Our History

Historyapolis began in 2013, when the project was launched in the History Department at Augsburg University. Thanks to a grant from the State of Minnesota from the Arts & Cultural Heritage Fund, a team of student, faculty and community researchers spent 2014 working in archives to identify sources relevant to Minneapolis. We organized our findings in a new research guide to Minneapolis history sources that we hope will serve as a roadmap to the past. Our goal was to make it easier for everyone to dig into the city’s history.

 

Anna Romskog and Rita Yeada, at work in the city archives, april 18, 2014

Citizen-Researcher Rita Yeada shows Augsburg junior Anna Romskog city planning photographs from the 1930s. These rare images of the near North side are some of the sources identified by Historyapolis in the Minneapolis City Archives. Members of the Historyapolis Lab worked in various repositories in 2014 to identify sources pertinent to the history of Minneapolis. Photograph by Lisa Lynch.

As we worked to identify new sources for Minneapolis history, we also experimented with using digital tools to share our insights. In 2013, we started posting historical vignettes on Facebook. That same year we developed this website, which features a blog with myriad contributors. We envision this as both a portal to the past and a foundation for new relationships in the present. The Historyapolis Project seeks to connect the curious, bringing together anyone interested in an innovative exploration of the history of Minneapolis and its contemporary meaning.

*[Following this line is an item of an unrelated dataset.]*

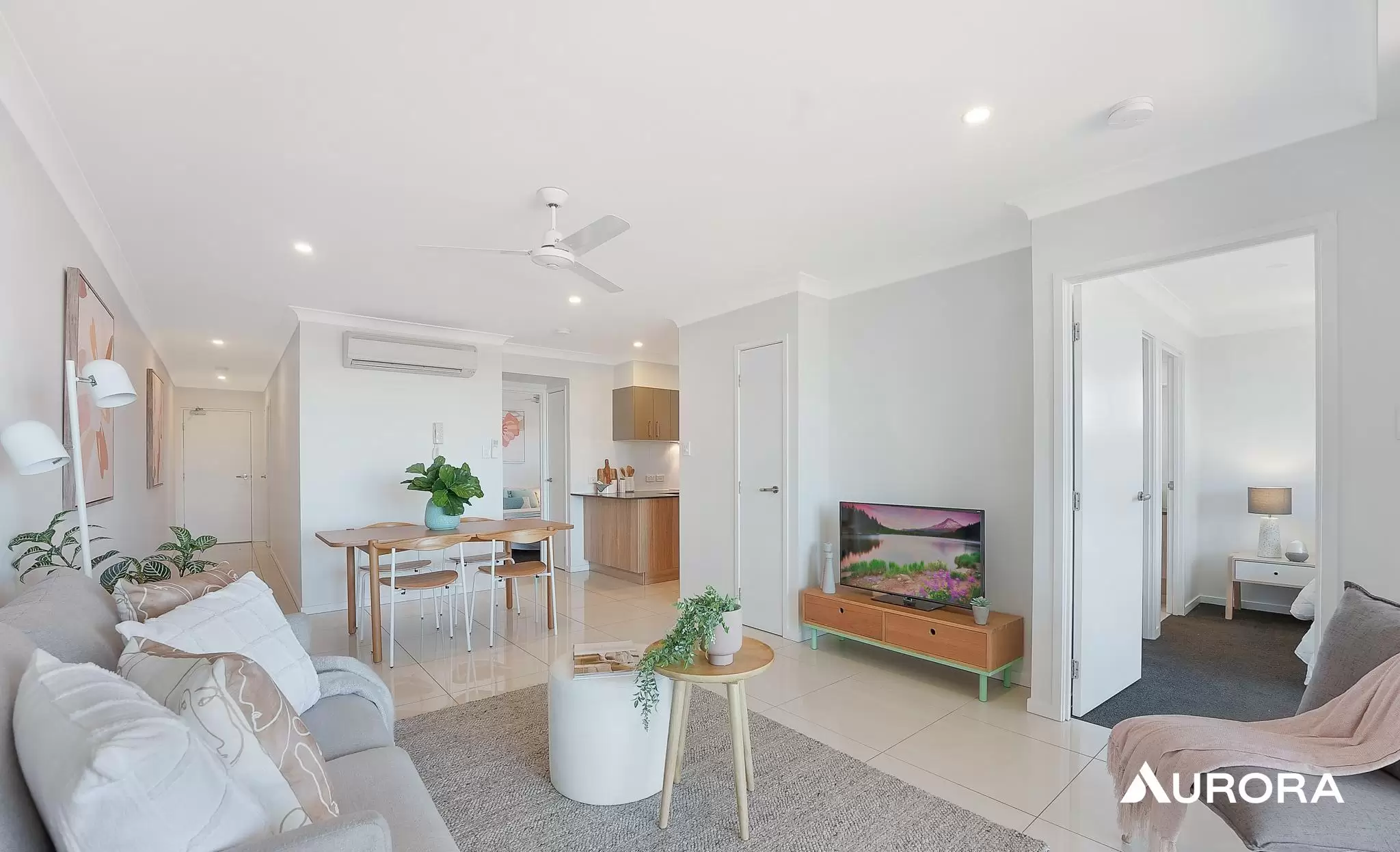 17/20 Lawley Street, Kedron Leased by Aurora Property - image 1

Augsburg University is surrounded by a neighborhood known as Cedar-Riverside. The traditional gateway for newcomers to the city, it was the commercial heart of the Scandinavian immigrant community at the end of the nineteenth century. Its main thoroughfare was known historically as “Snusgatan,” This area was transformed after World War II, when assimilated Scandinavians sought better housing in south Minneapolis. This exodus cleared the way for the neighborhood to become the center of the state’s small counterculture; it also became the epicenter for new battles over urban renewal, as activists resisted the idea that the wholesale demolition of the neighborhood’s nineteenth century streetscape would stem the tide of urban deterioration.

It was in this contentious period that Augsburg University began to see the surrounding neighborhood as an extension of the classroom. Over the last fifty years, the College  has earned national recognition for integrating civic engagement into every aspect of campus life. The neighborhood provides a rich environment for this kind of learning, thanks to a new wave of immigrants that has remade Cedar-Riverside into a center for East African life. Lined with immigrant businesses that provide living reminders of the neighborhood’s history, Cedar Avenue has been transformed from “Snusgatan” into “Little Mogadishu.”

The Historyapolis Project has taken root in this vibrant culture of civic engagement at Augsburg. Its students, alumni, staff and faculty have transformed this history-making experiment into a community resource. The project creates new opportunities for those interested in learning the skills necessary to use digital platforms in the service of socially-engaged local history.